## PROBLEM
Transcribe the entries below exactly, starting with the line that has "Used 2011 Lexus ES 350 FWD image 10" and stopping after the line that has "33 Broad View"; no pictures belong in the copy.

Start of MATERIAL FOR THE TASK

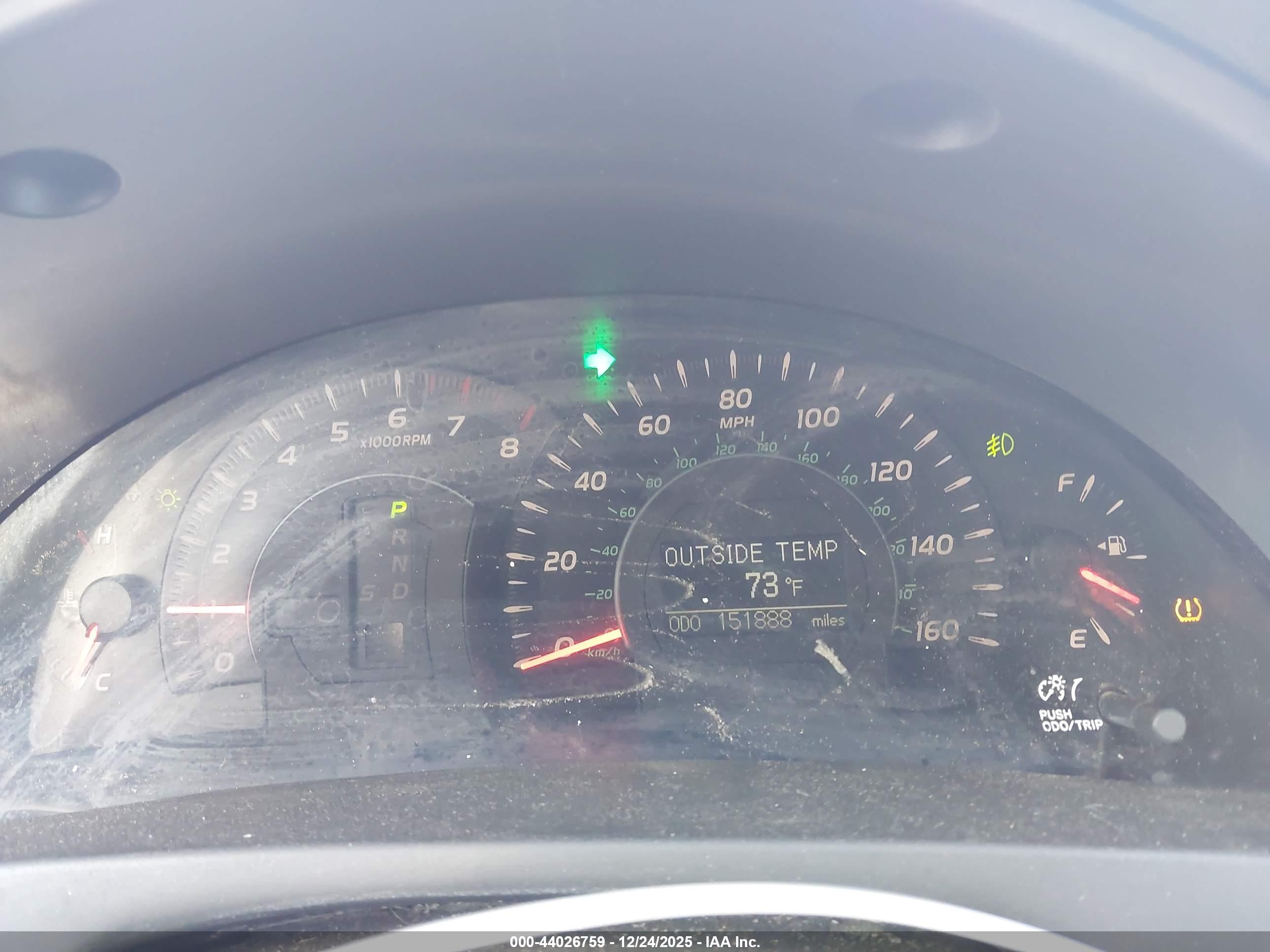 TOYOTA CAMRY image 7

End of MATERIAL FOR THE TASK
Start of MATERIAL FOR THE TASK

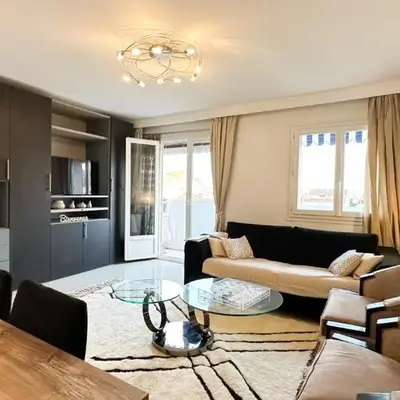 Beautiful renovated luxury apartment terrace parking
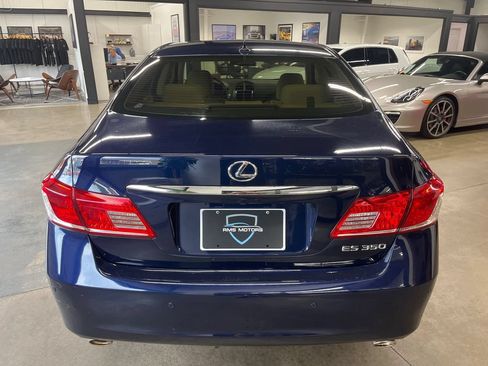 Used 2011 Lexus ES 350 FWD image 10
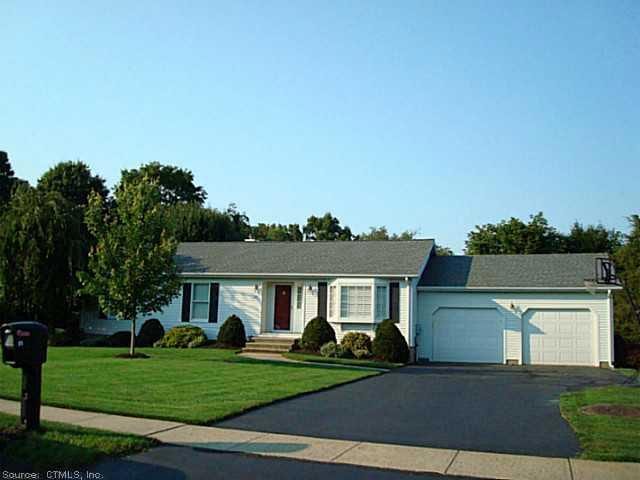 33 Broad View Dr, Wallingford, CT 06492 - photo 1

End of MATERIAL FOR THE TASK
Start of MATERIAL FOR THE TASK

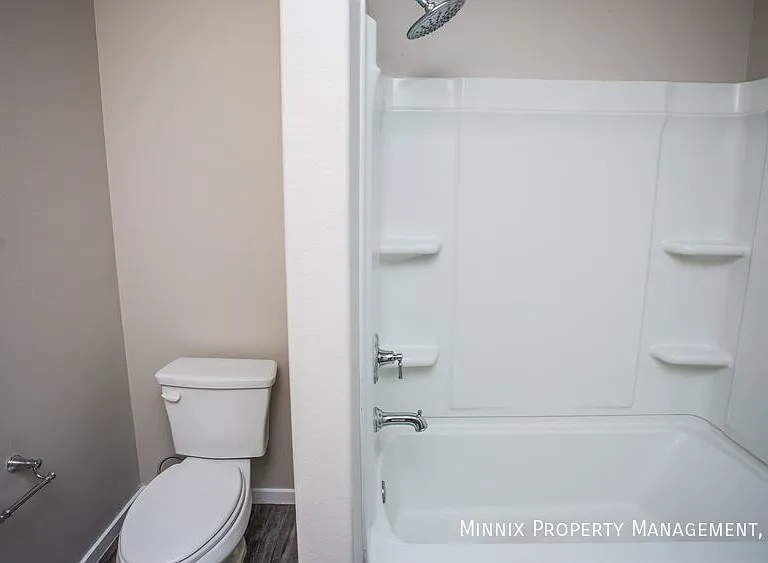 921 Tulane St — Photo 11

End of MATERIAL FOR THE TASK

## SOLUTION TO THIS PROBLEM
 Used 2011 Lexus ES 350 FWD image 10
 33 Broad View Dr, Wallingford, CT 06492 - photo 1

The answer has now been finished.